Harf inkılâbının yapıldığı ilk yıllarda geniş çevreler olayı dine bir saldırı olarak algılamış ve büyük bir reaksiyon göstermiştir. Lakin şu hakikati de görmek lazımdır ki her medeniyet kendinden önceki medeniyet ile temasa geçip sentez yaptığı takdirde yeni medeniyeti doğurabilmiştir. Çöküş devrine girmiş bulunan Batı’nın karşısına çıkacak olan Hakkı üstün tutan 3. Bin yıl medeniyetinin oluşması için batı kaynaklarının iyi okunabilmesi lazımdır.

İlk zamanlar zararımıza gibi algılanan harf inkılâbı aslında batılı kaynakları da okuyabilmemize zemin hazırlamıştır. Şimdi sıra kadim medeniyetimizin kaynaklarını da okuyabilecek Osmanlıca bilen gençler yetiştirmektedir.

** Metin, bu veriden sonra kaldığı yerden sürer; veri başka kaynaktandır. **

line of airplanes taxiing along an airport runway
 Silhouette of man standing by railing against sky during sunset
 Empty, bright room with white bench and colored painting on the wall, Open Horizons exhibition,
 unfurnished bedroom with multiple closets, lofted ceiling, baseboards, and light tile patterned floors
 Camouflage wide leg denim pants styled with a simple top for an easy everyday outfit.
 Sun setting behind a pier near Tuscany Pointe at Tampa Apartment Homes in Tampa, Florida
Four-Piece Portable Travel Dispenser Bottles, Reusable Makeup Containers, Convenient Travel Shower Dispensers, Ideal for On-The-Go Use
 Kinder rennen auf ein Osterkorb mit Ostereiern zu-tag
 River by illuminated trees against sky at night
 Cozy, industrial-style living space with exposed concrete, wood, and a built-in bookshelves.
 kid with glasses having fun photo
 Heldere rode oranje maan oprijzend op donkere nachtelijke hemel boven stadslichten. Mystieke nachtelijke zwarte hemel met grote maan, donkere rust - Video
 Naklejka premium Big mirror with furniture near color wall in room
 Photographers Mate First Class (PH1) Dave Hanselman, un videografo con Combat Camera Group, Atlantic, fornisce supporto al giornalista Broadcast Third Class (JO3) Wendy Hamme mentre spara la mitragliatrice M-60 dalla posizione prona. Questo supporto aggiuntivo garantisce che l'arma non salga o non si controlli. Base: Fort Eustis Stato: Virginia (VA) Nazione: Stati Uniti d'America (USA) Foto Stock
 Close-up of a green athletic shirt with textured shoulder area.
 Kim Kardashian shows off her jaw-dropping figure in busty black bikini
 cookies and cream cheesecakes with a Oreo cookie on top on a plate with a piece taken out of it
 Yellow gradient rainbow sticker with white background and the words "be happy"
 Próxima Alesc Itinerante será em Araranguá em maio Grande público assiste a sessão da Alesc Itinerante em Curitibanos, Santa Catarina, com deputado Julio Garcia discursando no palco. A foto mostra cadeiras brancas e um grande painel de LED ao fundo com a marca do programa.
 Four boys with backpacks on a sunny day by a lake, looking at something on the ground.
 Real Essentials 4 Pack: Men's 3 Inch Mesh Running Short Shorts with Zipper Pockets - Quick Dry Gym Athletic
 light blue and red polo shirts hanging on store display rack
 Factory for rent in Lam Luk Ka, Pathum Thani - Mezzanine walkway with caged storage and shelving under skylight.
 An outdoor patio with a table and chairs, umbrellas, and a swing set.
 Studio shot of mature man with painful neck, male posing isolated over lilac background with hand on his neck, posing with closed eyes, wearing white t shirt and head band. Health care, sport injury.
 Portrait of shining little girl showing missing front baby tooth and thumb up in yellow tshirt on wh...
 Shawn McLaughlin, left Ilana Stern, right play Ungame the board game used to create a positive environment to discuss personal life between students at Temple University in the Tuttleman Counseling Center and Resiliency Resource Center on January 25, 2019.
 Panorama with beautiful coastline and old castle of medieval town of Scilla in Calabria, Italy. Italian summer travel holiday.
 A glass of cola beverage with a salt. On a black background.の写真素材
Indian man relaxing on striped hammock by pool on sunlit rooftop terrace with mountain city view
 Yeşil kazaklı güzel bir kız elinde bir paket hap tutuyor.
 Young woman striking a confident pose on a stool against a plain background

1997 yılında Kültür Bakanı İsmail Kahraman tarafından bütün vilayetlerde Osmanlıca kursu tertip edilmesi daha sonraları belediyelerin de Osmanlıca kursları açmalarına örnek teşkil etti. İlerleyen tarihlerde açılan Sosyal Bilimler Liselerinde de Osmanlıca ders olarak okutulmaya başlandı. Bu müspet gelişmeler elbette yeterli değildir. Yetkililerden beklentimiz ilkokullardan başlamak üzere eğitimin her kademesinde Osmanlıcanın seçmeli ders olarak okutulmasıdır.